Um gezielt zu analysieren, wo einzelne Seiten Schwächen haben, kann man den sog. Link Juice, also die Power, die von eingehenden Links ausgeht, berechnen bzw. von einem SEO-Tool berechnen lassen. So kann man diejenigen Seiten identifizieren, die am schlechtesten verlinkt sind. In Abbildung 8 sieht man beispielhaft einige Seiten einer Domain mit Produkten, die im Vergleich zu anderen wenige eingehende Links haben, aber deutlich mehr ausgehende Links. Der Wert Link Juice setzt nicht nur eingehende und ausgehende Links ins Verhältnis, sondern gewichtet diese Links (Seiten, die selber einen geringen Link-Juice-Wert haben, vererben auch weniger als Seiten mit hohem Link Juice). Gerade wichtige Produkte sollten natürlich öfter verlinkt sein. Das automatische Vorschlagsystem von Amazon verlinkt aber natürlich eher Produkte, die oft gekauft werden, daher findet man bei Amazon kaum schlecht verlinkte Bestseller.

Nun folgt eine genauere Analyse eines konkreten Beispiels. Abbildung 9 zeigt einen Ausschnitt aller Seiten auf Ebene 3 bei expedia.de. Die markierte Zeile (roter Pfeil) ist eine Seite für Städtereisen nach Kyoto (https://www.expedia.de/Kyoto.d6131486.Reise-Angebote-Staedtereisen?rfrr=TG.Flights.Packages).

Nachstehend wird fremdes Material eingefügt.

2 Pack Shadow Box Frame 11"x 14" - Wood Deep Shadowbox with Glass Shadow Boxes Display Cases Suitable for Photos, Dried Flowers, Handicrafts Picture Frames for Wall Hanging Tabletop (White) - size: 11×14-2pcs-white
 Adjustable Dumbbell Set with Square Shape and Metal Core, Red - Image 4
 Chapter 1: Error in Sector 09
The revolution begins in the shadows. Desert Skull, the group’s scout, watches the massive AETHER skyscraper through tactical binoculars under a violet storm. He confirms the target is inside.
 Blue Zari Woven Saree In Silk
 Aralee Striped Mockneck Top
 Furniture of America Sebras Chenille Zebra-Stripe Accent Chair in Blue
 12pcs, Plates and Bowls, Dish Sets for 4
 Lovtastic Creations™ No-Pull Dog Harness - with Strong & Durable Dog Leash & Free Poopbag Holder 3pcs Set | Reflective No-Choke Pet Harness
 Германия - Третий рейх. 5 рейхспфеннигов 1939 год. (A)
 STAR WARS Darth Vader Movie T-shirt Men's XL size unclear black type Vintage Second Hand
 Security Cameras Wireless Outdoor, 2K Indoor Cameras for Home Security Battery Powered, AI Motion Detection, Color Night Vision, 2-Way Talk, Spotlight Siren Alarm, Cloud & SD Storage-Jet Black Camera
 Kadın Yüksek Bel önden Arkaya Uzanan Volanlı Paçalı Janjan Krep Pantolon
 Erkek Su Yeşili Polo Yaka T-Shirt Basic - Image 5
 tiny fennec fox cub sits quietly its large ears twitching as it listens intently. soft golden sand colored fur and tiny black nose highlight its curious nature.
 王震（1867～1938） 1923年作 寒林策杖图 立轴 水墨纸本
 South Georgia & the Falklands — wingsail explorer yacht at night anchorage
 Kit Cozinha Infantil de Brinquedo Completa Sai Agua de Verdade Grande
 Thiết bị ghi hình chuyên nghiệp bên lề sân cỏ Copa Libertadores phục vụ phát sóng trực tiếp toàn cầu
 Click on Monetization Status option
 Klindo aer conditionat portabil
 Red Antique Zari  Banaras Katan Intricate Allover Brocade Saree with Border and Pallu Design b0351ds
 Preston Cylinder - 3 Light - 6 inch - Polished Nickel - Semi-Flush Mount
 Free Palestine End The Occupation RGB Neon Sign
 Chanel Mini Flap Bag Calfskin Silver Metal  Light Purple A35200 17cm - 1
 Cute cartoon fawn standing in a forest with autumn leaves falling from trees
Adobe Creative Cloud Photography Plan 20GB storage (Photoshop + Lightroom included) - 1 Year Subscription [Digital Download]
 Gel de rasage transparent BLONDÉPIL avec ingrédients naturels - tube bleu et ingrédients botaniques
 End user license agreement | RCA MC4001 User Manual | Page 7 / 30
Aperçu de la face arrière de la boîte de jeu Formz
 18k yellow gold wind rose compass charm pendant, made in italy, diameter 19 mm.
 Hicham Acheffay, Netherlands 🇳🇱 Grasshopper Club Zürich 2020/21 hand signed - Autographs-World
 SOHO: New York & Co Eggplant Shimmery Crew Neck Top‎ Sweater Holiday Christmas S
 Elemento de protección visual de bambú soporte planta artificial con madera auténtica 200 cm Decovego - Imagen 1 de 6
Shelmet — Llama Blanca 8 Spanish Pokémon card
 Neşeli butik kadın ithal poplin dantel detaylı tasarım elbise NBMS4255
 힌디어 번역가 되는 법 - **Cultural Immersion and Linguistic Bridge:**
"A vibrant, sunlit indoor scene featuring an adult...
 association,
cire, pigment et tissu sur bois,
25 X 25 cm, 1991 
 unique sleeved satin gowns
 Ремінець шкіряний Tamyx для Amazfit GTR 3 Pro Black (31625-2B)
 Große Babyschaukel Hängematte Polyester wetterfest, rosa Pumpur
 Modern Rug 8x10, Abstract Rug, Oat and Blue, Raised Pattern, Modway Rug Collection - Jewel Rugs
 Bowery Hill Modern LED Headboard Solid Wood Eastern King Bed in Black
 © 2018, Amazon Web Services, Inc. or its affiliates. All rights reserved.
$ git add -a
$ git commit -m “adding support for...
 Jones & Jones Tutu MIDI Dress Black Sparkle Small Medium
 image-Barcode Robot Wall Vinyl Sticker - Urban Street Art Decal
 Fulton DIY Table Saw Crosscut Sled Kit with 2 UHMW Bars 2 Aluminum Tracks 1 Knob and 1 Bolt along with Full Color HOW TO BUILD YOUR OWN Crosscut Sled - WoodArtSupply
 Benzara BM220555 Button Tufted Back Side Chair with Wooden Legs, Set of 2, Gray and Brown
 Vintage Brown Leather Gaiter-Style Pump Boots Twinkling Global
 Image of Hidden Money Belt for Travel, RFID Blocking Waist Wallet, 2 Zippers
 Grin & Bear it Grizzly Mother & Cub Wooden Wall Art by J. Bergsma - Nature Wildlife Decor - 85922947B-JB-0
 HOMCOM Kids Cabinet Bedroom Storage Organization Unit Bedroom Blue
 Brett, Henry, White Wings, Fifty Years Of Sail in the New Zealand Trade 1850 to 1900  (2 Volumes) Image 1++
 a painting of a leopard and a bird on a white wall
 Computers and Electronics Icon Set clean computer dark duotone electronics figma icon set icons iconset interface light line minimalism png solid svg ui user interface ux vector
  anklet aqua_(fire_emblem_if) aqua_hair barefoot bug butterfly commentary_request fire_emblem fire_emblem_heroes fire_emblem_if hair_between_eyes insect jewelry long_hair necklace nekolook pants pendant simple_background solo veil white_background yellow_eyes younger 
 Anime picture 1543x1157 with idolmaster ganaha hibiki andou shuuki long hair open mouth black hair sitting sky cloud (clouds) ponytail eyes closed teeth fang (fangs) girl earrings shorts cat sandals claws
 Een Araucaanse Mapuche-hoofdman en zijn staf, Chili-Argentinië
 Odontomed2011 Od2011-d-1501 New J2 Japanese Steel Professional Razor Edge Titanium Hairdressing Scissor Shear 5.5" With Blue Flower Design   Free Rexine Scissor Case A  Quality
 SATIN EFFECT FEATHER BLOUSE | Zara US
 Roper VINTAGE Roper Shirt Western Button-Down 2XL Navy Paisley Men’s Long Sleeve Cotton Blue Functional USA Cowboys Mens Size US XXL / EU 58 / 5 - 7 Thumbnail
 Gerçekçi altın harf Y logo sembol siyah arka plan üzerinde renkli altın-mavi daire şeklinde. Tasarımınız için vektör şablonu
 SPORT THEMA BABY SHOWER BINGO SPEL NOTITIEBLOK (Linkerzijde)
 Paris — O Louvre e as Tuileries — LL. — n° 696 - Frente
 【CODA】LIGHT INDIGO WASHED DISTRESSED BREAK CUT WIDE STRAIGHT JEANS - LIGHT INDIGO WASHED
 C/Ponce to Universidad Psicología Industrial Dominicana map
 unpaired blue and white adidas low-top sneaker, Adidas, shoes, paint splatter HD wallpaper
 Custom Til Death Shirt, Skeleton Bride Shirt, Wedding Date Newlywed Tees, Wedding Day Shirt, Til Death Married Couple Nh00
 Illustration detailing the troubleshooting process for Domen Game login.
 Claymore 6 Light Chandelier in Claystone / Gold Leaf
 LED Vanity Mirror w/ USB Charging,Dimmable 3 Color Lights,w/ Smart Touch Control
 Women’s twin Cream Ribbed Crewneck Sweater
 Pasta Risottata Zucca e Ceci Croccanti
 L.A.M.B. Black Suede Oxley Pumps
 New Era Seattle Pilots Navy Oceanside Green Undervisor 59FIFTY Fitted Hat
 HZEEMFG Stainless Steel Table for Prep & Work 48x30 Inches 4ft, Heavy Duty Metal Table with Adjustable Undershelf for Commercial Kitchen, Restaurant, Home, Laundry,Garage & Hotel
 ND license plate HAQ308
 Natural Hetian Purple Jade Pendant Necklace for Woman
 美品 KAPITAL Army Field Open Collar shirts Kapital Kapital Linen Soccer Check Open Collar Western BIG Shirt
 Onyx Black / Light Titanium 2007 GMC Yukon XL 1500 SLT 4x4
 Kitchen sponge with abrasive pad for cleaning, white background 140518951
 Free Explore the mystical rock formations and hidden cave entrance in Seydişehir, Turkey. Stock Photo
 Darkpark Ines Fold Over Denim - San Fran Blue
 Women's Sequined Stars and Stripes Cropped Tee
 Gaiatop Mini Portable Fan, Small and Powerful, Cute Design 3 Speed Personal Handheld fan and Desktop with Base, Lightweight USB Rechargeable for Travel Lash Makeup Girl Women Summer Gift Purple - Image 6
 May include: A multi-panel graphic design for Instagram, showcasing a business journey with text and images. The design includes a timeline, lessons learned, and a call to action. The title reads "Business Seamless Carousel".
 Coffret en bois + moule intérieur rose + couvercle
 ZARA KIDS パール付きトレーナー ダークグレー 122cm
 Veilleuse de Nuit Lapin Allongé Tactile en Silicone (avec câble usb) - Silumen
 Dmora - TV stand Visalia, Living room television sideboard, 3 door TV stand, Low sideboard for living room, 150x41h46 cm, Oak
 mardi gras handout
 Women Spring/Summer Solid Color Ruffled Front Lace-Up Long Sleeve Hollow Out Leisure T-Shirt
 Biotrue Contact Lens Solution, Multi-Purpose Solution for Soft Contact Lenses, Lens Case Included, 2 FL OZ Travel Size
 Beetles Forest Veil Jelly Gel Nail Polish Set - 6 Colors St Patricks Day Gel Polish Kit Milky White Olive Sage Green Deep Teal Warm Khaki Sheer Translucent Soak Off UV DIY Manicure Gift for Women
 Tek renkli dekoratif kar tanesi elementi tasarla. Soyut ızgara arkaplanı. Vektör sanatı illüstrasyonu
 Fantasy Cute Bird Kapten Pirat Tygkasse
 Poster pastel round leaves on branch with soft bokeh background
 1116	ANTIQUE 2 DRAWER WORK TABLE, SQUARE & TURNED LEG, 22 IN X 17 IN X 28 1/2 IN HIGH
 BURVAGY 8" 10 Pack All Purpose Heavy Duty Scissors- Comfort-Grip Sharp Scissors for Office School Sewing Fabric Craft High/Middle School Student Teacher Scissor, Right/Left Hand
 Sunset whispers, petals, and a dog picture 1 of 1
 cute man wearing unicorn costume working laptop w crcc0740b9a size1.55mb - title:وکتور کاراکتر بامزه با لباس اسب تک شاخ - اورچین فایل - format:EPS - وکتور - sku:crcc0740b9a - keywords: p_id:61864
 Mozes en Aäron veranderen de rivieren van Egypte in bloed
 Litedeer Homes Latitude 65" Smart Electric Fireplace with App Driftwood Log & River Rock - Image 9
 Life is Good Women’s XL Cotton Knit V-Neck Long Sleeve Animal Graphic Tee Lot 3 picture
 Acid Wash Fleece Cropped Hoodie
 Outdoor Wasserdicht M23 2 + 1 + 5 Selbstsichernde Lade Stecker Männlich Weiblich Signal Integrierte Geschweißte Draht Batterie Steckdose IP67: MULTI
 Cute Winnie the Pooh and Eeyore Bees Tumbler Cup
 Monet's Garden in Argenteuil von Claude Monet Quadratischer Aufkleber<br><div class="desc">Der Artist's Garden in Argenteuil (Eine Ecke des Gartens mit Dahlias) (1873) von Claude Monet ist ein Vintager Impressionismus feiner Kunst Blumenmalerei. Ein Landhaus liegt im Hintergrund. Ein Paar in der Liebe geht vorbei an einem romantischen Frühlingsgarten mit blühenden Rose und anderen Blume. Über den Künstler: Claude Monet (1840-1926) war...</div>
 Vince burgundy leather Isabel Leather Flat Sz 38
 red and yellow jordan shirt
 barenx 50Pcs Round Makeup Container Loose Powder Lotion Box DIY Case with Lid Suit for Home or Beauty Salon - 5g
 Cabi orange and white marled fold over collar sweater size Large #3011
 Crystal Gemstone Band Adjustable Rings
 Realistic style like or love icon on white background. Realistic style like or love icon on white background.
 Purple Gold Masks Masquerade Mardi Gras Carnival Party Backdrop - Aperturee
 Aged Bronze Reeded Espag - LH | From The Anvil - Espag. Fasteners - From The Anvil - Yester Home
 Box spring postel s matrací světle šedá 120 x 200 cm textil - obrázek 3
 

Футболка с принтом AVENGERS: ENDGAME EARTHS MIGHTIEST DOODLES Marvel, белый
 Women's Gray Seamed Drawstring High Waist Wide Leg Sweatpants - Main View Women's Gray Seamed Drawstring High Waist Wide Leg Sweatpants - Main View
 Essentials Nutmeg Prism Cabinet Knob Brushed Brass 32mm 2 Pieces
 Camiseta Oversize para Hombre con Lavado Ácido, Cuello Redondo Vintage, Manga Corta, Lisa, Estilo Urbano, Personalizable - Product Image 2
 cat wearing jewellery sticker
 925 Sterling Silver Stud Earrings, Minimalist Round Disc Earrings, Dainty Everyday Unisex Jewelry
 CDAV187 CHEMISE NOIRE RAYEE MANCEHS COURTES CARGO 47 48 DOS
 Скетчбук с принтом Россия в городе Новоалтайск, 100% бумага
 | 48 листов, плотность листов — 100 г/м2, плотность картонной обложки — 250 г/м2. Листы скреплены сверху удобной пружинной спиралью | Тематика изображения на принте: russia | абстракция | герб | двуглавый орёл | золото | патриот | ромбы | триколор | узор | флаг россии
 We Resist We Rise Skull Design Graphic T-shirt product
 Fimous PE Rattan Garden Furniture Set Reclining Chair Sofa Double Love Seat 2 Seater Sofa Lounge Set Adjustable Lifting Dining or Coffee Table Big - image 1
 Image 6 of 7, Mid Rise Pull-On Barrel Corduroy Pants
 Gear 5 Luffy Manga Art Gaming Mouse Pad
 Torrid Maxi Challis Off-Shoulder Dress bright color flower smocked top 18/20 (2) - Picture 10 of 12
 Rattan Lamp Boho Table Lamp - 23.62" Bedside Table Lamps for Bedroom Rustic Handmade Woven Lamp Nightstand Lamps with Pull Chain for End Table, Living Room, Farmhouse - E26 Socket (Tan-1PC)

Diese Seite hat nur einen eingehenden Link auf der Website und daher einen sehr schlechten Link-Juice-Wert. Dennoch reicht das aus, damit die Seite bei Google auf Platz 1 landet (Abbildung 10).

Dies verdeutlicht, dass der Umgang mit den Ressourcen, hier interne Verlinkung und Seitenstruktur, sehr weise gewählt werden muss. Denn optimal wird das Problem gelöst, wenn man mit minimalem Aufwand das beste Ergebnis erzielt.

Diese Kyoto-Städtereisen-Seite wird von einer Seite von Expedia (http://einfach.st/exp6) verlinkt mit dem Linktext „Kyoto – Click&Mix Reisen“ (siehe Abbildung 11).

Auf dieser Seite muss man weit nach unten scrollen, um diesen Link zu finden (Abbildung 12).

Obwohl der Linktext nicht „Städtereisen Kyoto“ lautet, hat diese Seite dafür diese Traumplatzierung bei Google. Im Übrigen hat diese Seite auch noch andere Top-Platzierungen: Bei den Begriffen „Kyoto Reisen“ (Platz 1) und „Kyoto Urlaub“ (Platz 2) und weiteren.

Zugegeben, dies sind absolute Nischenbegriffe und sehr wenig gesucht. Dennoch: Mit einem Link ein paar sehr gute Platzierungen zu erzielen, zeigt, dass man mit Verlinkungen schlau umgehen muss. Sieger ist nicht der, der alles intern auf Teufel komm raus verlinkt. Entscheidend ist, die Verlinkung so zu setzen, dass Seiten für Themen und dazu passende Suchbegriffe, die stark gesucht werden, auch stärker verlinkt sind und wenig gesuchte Themen mit wenig Verlinkungen auskommen. Wer dann noch passende Inhalte bietet, wird sich über bessere Platzierungen freuen.

Deep Learning Verlinking

Amazon gab erst kürzlich ganz überraschend sein Deep-Learning-System DSSTNE als Open Source frei (http://einfach.st/amazondls). Auf diesem System basiert auch das Vorschlagsystem bei Amazon. Für Shopanbieter also eine interessante neue Option, da das System sehr performant und selbstlernend ist. Vermutlich könnte man basierend darauf auch durch das Nutzerverhalten herausfinden, welche Inhalte in einem Bezug zueinander stehen, und dadurch auch lernen, wo Querverlinkungen sinnvoll wären. Man darf gespannt sein, ob die Technologie des Machine Learning nicht nur bei den Suchmaschinen den Weg in die Algorithmen findet, sondern auch bei den Websites.

Mit diesen drei genannten Möglichkeiten hat jeder Webmaster ein Instrument, um die Hierarchie seiner Website zu verbessern. Neben dieser strukturellen technischen Anpassung ist das Thema interne Verlinkung natürlich mindestens ebenso wichtig wie das Nutzerverhalten und gute Inhalte. Da diese Möglichkeiten aber auch dem Besucher eine Hilfe sein können, sollte man sich mit diesem Thema intensiv auseinandersetzen. Da man an den URLs selber nichts ändert, aber strukturellen Umbau betreibt, kann man hier mit wenigen Maßnahmen viel erreichen.